→ **Problem requirements**:
Once the line containing "Kenneth Jay Lane" appears, output it and each remaining line of the records below exactly, with no pictures and nothing more.

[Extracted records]
+---+

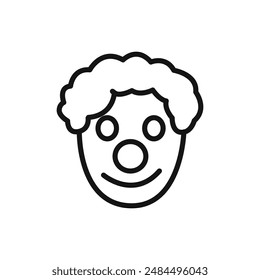 Clown head icon linear vector graphics sign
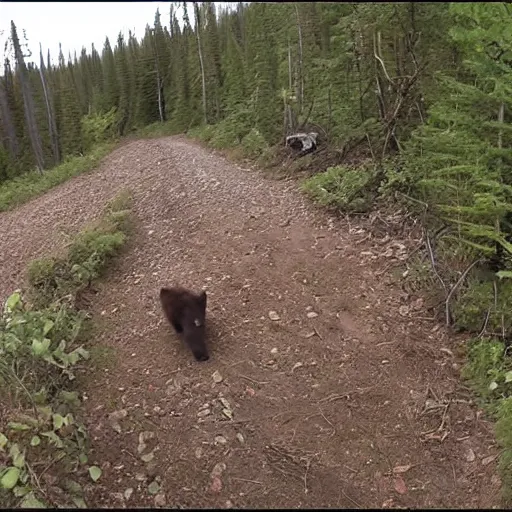 Prompt: trailcam footage of the queen of england hunting for bears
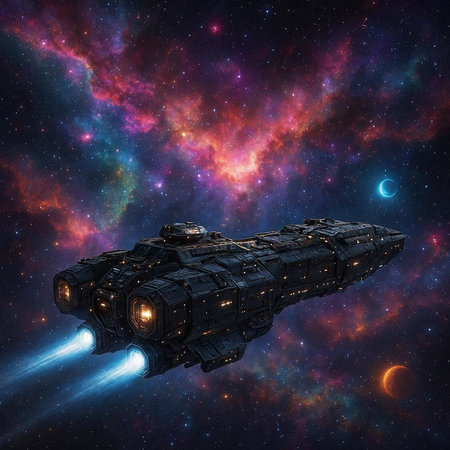 Space ship in the universe. 3D rendering. Space background.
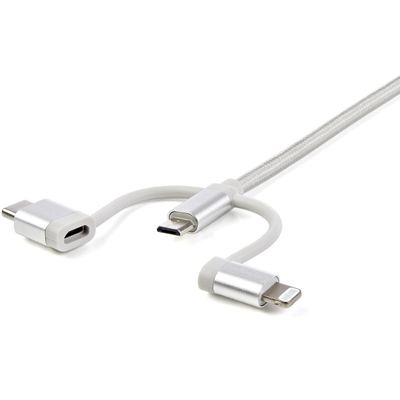 Kabllo karikimi StarTech 3 në 1, USB A në Micro USB USB C Lightning, 1m, ngjyrë argjendtë
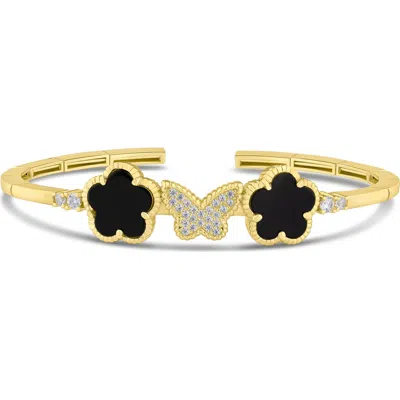 Kenneth Jay Lane Cz By  Cz Pavé Butterfly & Clover Flex Bracelet In Black/gold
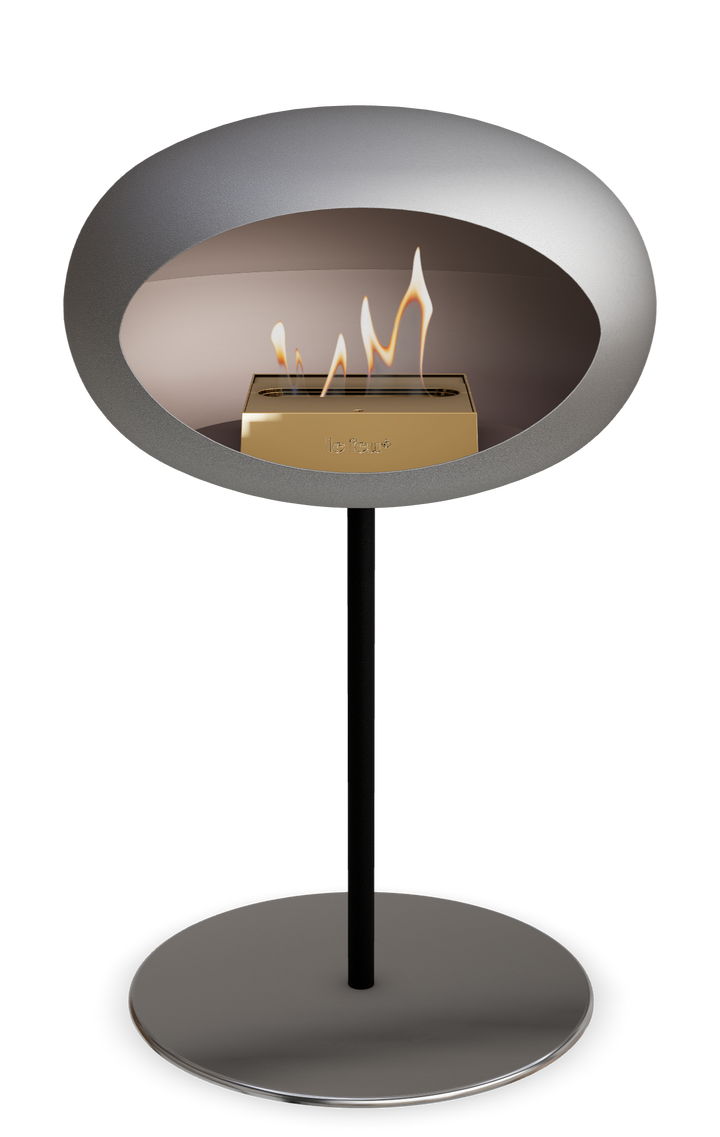 Le Feu GROUND STEEL LOW Nickel Ø 25 mm – Rohr Schwarz, Brenner Roségold, Bodenplatte Edelstahl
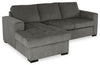 Made in Canada Legend 2-Piece Left-Facing Chenille Fabric Sleeper Sectional with Storage Chaise - Pewter Brown | Sofa-lit sectionnel de gauche Legend 2 pièces fabriqué au Canada en tissu de chenille avec fauteuil long de rangement - brun étain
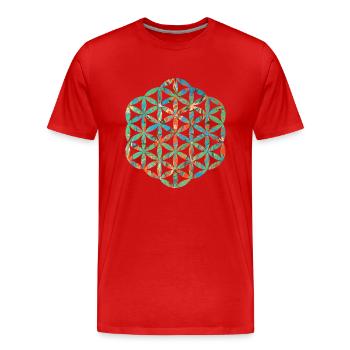 blume des lebens e 4 - Männer Premium Bio T-Shirt - Rot - Vorne - Damien (186cm)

+---+

→ **Written solution**:
 Kenneth Jay Lane Cz By  Cz Pavé Butterfly & Clover Flex Bracelet In Black/gold
 Le Feu GROUND STEEL LOW Nickel Ø 25 mm – Rohr Schwarz, Brenner Roségold, Bodenplatte Edelstahl
 Made in Canada Legend 2-Piece Left-Facing Chenille Fabric Sleeper Sectional with Storage Chaise - Pewter Brown | Sofa-lit sectionnel de gauche Legend 2 pièces fabriqué au Canada en tissu de chenille avec fauteuil long de rangement - brun étain
 blume des lebens e 4 - Männer Premium Bio T-Shirt - Rot - Vorne - Damien (186cm)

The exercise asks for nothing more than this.